Entre silences et révoltes
Dans la lumière un peu froide, on ne voit que le drap blanc qui enveloppe un corps allongé sur un sofa. C’est le corps de Douce qui s’est suicidée et que son mari vient de découvrir. Adaptée d’une nouvelle de Dostoïevski et mis en scène par André Oumansky, Douce raconte au passé et de façon rétrospective l’amour tissé de silences et d’incompréhensions de Douce et de son époux.
Lui est un ancien officier chassé de l’armée et qui est devenu prêteur sur gages. Quand Douce, une jeune fille de 16 ans vient mettre en gage de malheureux objets sans réelle valeur, l’intérêt de l’homme pour la jeune fille est immédiat, mais chez cet homme plutôt rude, ce sentiment n’a rien de romantique. Quand il se met en tête d’épouser la jeune fille, il le fait par compassion, mais aussi par orgueil. Peu d’effusions dans leurs rapports, peu d’enthousiasme aussi, mais une sévérité,une rigidité du comportement du mari qui fait barrière aux rires et à la jeunesse de la jeune femme. Pauvre et jolie, elle a la chance de trouver un mari riche et se doit d’être reconnaissante. C’est une autre façon de faire des affaires.

Cet amour existe pourtant, mais entre silences et incompréhensions, il ne peut s’épanouir. Lui ne peut se libérer de la frustration d’une carrière militaire avortée, elle se sent limitée dans cette vie étriquée qui emprisonne sa gaieté. Ne trouvant pas d’alternative, Douce finit par se suicider.

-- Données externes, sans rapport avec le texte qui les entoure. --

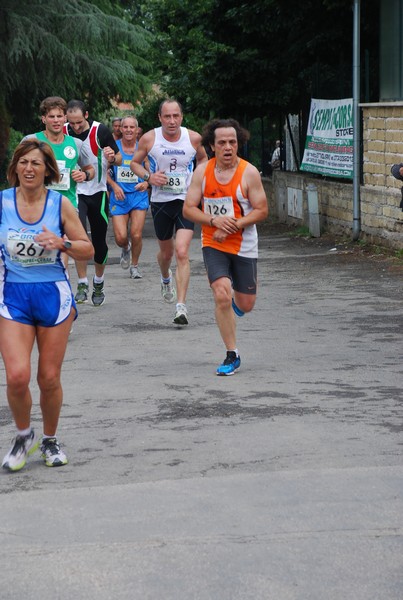 Maratonina di Villa Adriana (26/05/2013) 00086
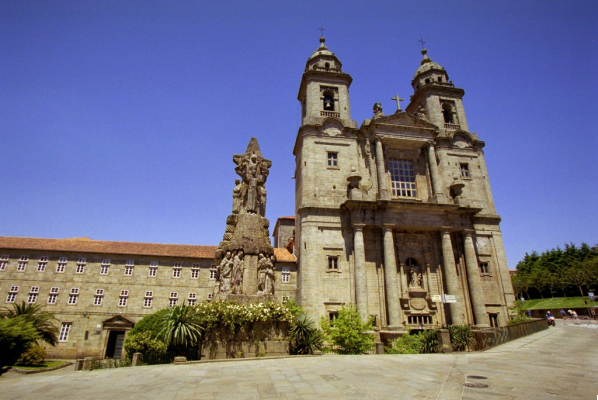 La Iglesia de San Francisco: Fe y Historia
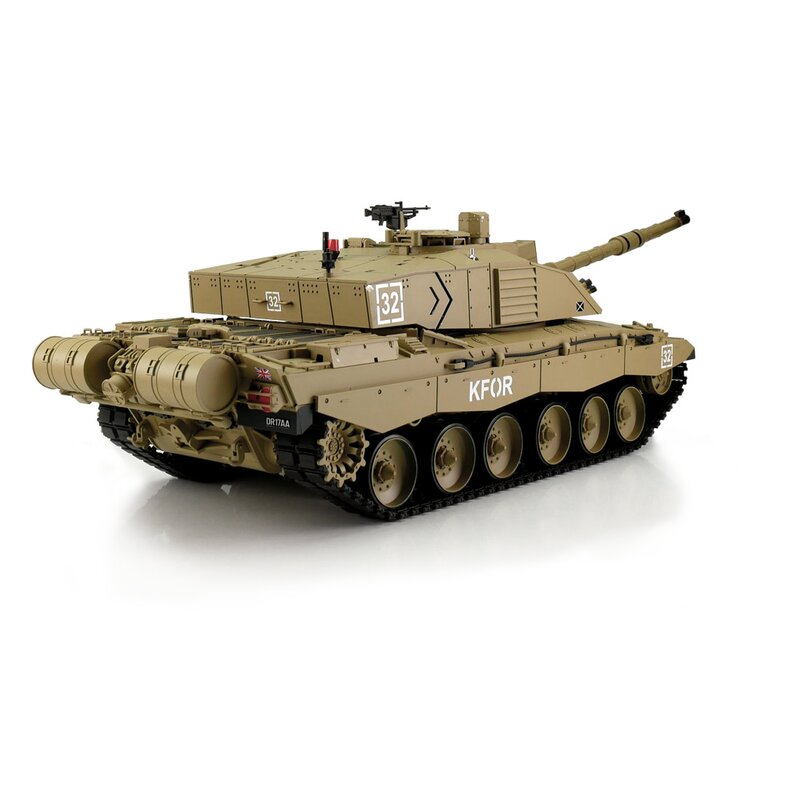 Heng Long Challenger II 1:16 RC Tank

La mise en scène d’André Oumanski prend le parti pris du souvenir, du flash back à travers le regard rétrospectif du mari. Il revient ainsi sur le face à face entre la jeune femme et son mari où les émotions retenues éclatent tout à coup sous la forme d’affrontements brefs et violents durant lesquels la jeune femme discrète met le doigt sur les échecs accumulés de son mari qui l’ont conduit à ce métier méprisable d’usurier.
Si le mariage révèle Douce, pour le mari, il est est une autre façon de gagner, de dominer. Elle se sent heureuse, pleine de bonne volonté et d’une sensualité à laquelle cet époux qui ne sait ni rire, ni comprendre la joie, ne peut répondre. Le suicide de sa femme amène enfin le mari à prendre conscience de son manque de vie et de sa crainte d’aimer.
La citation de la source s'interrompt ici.